- Born: Greensboro, Alabama
- Occupations: Business executive; Entrepreneur;
- Title: Chairman of The Swarthmore Group

= James Nevels =

American businessman and philanthropist

James E. "Jim" Nevels is an American business executive, entrepreneur, and philanthropist. As a businessman, he is known as the founder of The Swarthmore Group. He is the former chairman of The Federal Reserve Bank of Philadelphia and former chairman of the board of The Hershey Company.

== Early life ==
Nevels was born in Alabama.

Nevels earned a scholarship to study at Bucknell University.
and graduated with an AB degree He earned his MBA from Wharton School of the University of Pennsylvania
and his Juris Doctor from the University of Pennsylvania in 1978.

== Business career ==
=== Wall Street ===
Nevels was recruited by a client of the law firm and moved to work on Wall Street.

=== The Swarthmore Group ===
Nevels started The Swarthmore Group in November 1991. His first client was the City of Birmingham, Alabama.

The Swarthmore Group closed in June 2022 and filed for Chapter 7 bankruptcy protection in August 2022.

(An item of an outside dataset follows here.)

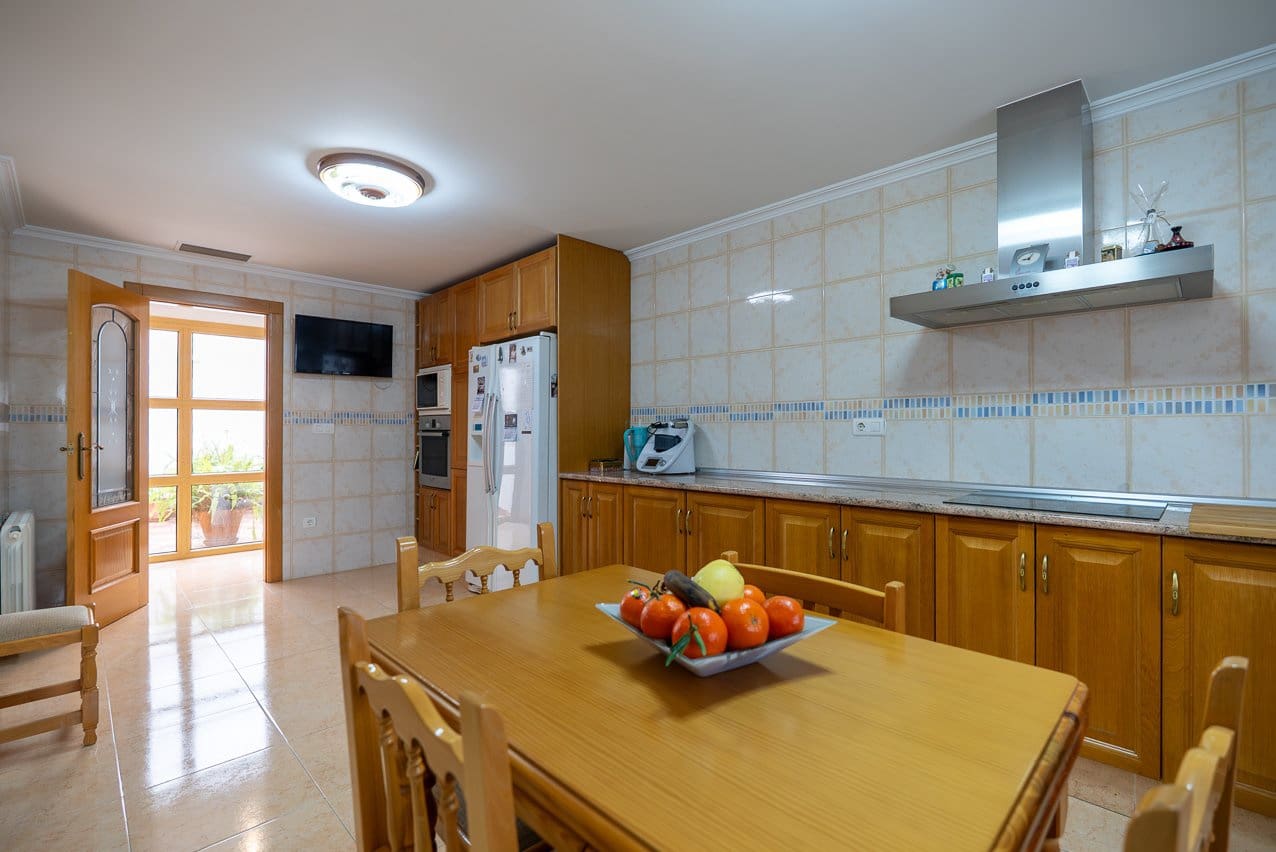 5 soveværelse Byhus til salg i Pinoso med swimmingpool - € 399.950 (Ref: 9548610)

=== Business Council For International Understanding (BCIU) ===
Nevels was appointed chair of the Business Council For International Understanding in June 2021.

== Board Roles ==
Nevels has been involved with following boards/organizations:

- Appointed by the President George W. Bush to the advisory committee to the Pension Benefit Guaranty Corporation, he was chairman from 2005 until 2007.
- Appointed by the Governor of Pennsylvania as chairman of the Philadelphia School Reform Commission, served through September 2007.
- Member of the board of The Federal Reserve Bank of Philadelphia from 2010 to 2015
- Deputy chairman of the board of The Federal Reserve Bank of Philadelphia from January 2012 through January 2014.
- Chair of the board of The Federal Reserve Bank of Philadelphia from January 2014 through December 2015.
- Board member, Renew Financial LLC "Board of Directors"
- Chairman, Business Council for International Understanding (BCIU) June 2021–present
- Board member, Alcoa Corporation from November 2016.
- Board member, Meadwestvaco June 2014–July 2015
- Board member, Westrock January 2015–present"Board of Directors"
- Chairman, The Swarthmore Group November 1991 – 2022
- Board member, Pro Football Hall of Fame
- Board member, First Data Corp November 2014–July 2019
- Board member, XL Group October 2017–September/2018
- Lead independent director, The Hershey Company April 2015–May 2017
- Chairman, The Hershey Company February 2009–April 2015
- Board member, Hershey Trust Company January 2007–December 2009
- Chairman, Hershey Trust Company January 2009–December 2015
- Lead director, Hershey Trust Company January 2015–unknown
- Board member, Tasty Baking Company May 2005–May 2011
- Board member, Hershey Company November 2007–February 2009
- Chairman Pension Benefit Guaranty Company January 2005–December 2007
- Board member, Milton Hershey School Trust January 2007–unknown
- Board member, MMG Insurance Company January 2014–unknown
- Manor College Board of Trustees.
- Former board member, Marine Corps Heritage Foundation
- Former board member, The Barbara Bush Foundation for Family Literacy Inc

== Personal life ==
Nevels is married to Dr. Lourene Ann Dellinger Nevels. They have no children. Nevels is a licensed psychologist in private practice, director of a university counseling center, a college professor and published author of children's books and books on psychology.

== Philanthropy ==
=== Bucknell University ===
Nevels and his wife, both class of 1974, endowed the Robert Gross scholarship.

=== Manor College ===
Nevels and his wife, donated to the Manor College Veterinary Technology Program.